The World Wildlife Fund (WWF) and Zoological Society of London have published the Living Planet Index (LPI) which has tracked the average decline in wildlife populations since the 1970s. It’s fallen 69%. It coheres with an infamous 1972 MIT study that predicted society would collapse due to economic growth in the middle of this century, whose hypothesis was revisited and confirmed by KPMG’s sustainability and dynamic system analysis lead at the end of 2020.
Doesn’t it at some point become obscene to think about personal ambition amid such a crisis? And yet the business-as-usual vacuum that we all live in – its complete perimeter and shape having revealed itself fully during the 2020 lockdowns, those edges softening and fading away, now, for the majority – continues apace. With even bigger blinkers on.
Although, as with all science, there are issues with the way this data should be taken, the bottom line, if we are to counter the climate crisis, which is perhaps the greatest existential crisis we’ve ever faced – The End Is Nigh to end all End Is Nighs – is that we need a few billion psychic light bulbs to get themselves illuminated – really fucking quickly.
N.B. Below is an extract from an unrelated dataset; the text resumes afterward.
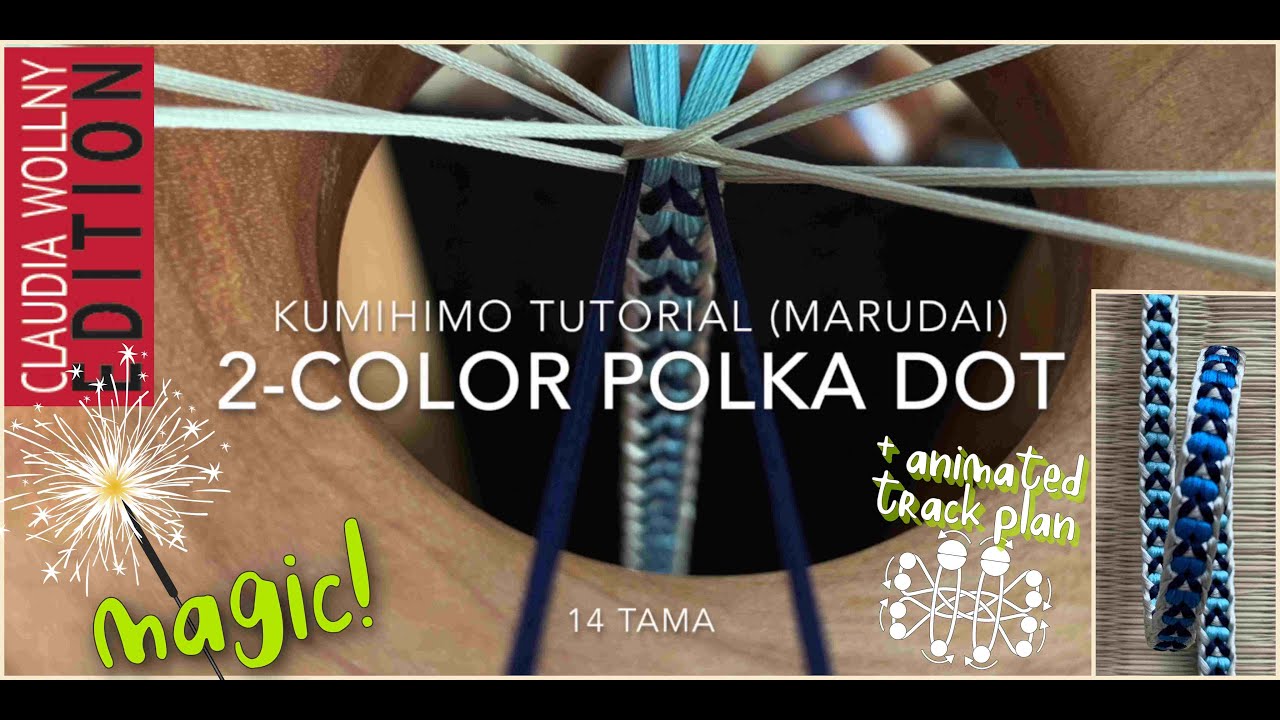 KUMIHIMO TUTORIAL 2-Color Polka Dot 14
And it must be a broad church: it must occur across the board in real men, real women and real non-binaries, or even the unreal, and simulacrums of every shade of grey therein, among the self-described ambitious, or even the sofa-dwelling inertia-riddled ones.
At its height, Nasa had 400,000 working on the Apollo moon program. It’s a cliche that everyone wants to build something, but nobody wants to maintain it, and it is a source of deep sadness in any space nerd that we haven’t got moon bases or had more frequent trips up there. But if we roused 400,000 for that noblest of ambitions and giant leaps of adventure, surely we must be able to rouse a few more zeroes on top – 4 billion? – to dedicate ourselves earnestly to the cause of reversing the monstrous harm humans have inflicted on the natural world and securing our future?
It’s quite likely that the small matter of our impending oblivion’s obfuscation in daily discourse and swathes of the mainstream media (even climate crisis reports don’t lean in as hard as many climate scientists) is contributing to the very same relationship malaise outlined at the start of this article. It’s so much bigger than money and sex and relationships and any ambition any individual human may have. And although I’m preternaturally comfortable in my solitude, at times having that awareness does feel like an outrageously lonely place to be.